La reflexión sobre nuestra existencia relativa, limitada, contingente, amenazada de desaparición en cualquier instante, que se nos escurre de entre las manos con cada segundo, con cada latido de nuestro corazón, así como la conciencia clara de que tenemos que morir, nos revela el desesperado y profundo anhelo de inmortalidad, el afán de vivir una vida ilimitada, que todas las culturas y religiones, de una manera y otra, han manifestado.
En efecto, no queremos acabarnos, dejar de ser, que la nada nos devore. Decididamente rechazamos la idea de morir, al menos de morir del todo; la idea de la aniquilación nos angustia y rebela. “preferible el mismo infierno a la aniquilación de mi ser”, ha dicho Unamuno. ¿Para qué la vida, si se acaba completamente con la muerte? ¿Qué sentido puede tener este breve parpadeo que es la vida, donde ha más dolor que gozo, si no hay “algo” más allá de la muerte? “Algo” que deseamos, tememos, esperamos o desesperamos de encontrar.
Así pues, en la entraña del humano, único capaz de poner en el tapete de la discusión la cuestión del sentido que tiene su propia existencia, late siempre la inquietud por alcanzar lo absolutamente definitivo, que no se acabe jamás, que se sacie su sed de eternidad: de ser siempre, de ser más, de “serlo todo”. En una palabra, en el humano no descansa el perpetuo afán que aspira a colmar su capacidad de superar los propios límites y perfeccionarse, y colmarla nada menos que con la perfección misma.

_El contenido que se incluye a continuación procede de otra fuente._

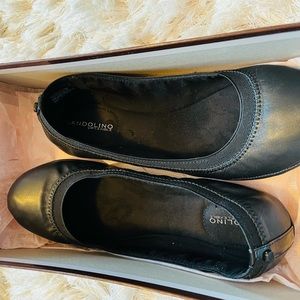 Women black leather flats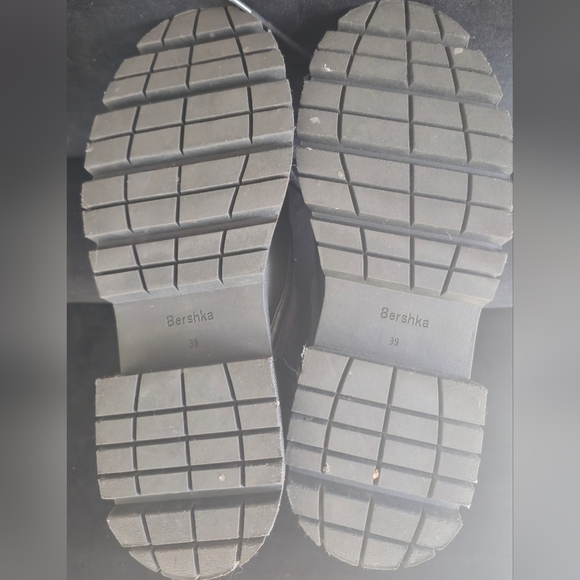 Bershka  Black Lace-Up Moto Boots - Picture 12 of 14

Por ello se ha dicho del ser humano que es “el peregrino de lo Absoluto”, el ser siempre en camino, en búsqueda incesante de una consistencia que vaya más allá de las limitaciones que descubre en sí mismo y en las realidades de este mundo. He aquí el resorte que anima los dinamismos de su conocer y su querer, los cuales siempre apuntan a lo que rebasa los bienes y los conocimientos que son limitados. Nuestra apertura a la realidad se dirige a la verdad sin límites, al bien sin límites; no se conforma con menos. Es, pues, lo propio del ser humano el abrirse a un horizonte ilimitado, al horizonte de lo que es sin restricciones.
De aquí que el preguntarse por el Ser Absoluto, aparezca el humano como una necesidad ineludible, aún cuando la respuesta a la cual éste llegara fuera la de que no hay Dios, que el humano lo ha creado “a su imagen y semejanza”, o la de que, si existe la divinidad, está tan lejana a nosotros que somos imperfectos, que de ella nada podemos saber.
Resta el problema de asumir las consecuencias: si, como ya ha sido proclamado, “Dios ha muerto”, si lo hemos matado en nuestras conciencias, ¿qué sentido alcanzará la propia vida?, ¿qué es lo que puede evitar que la realidad se vuelva algo absurdo que el humano, sin embargo, irremediablemente ha de afrontar?
Andar en pos de la respuesta a la gran pregunta por el sentido más radical, definitivo y último, de su existencia, por el sentido del mal, del sufrimiento, de la muerte, de la realidad toda; ésta es la tarea que más profundamente compete, y compromete, al ser humano, ese peregrino, y que lo lleva a trazar la ruta de su propio destino.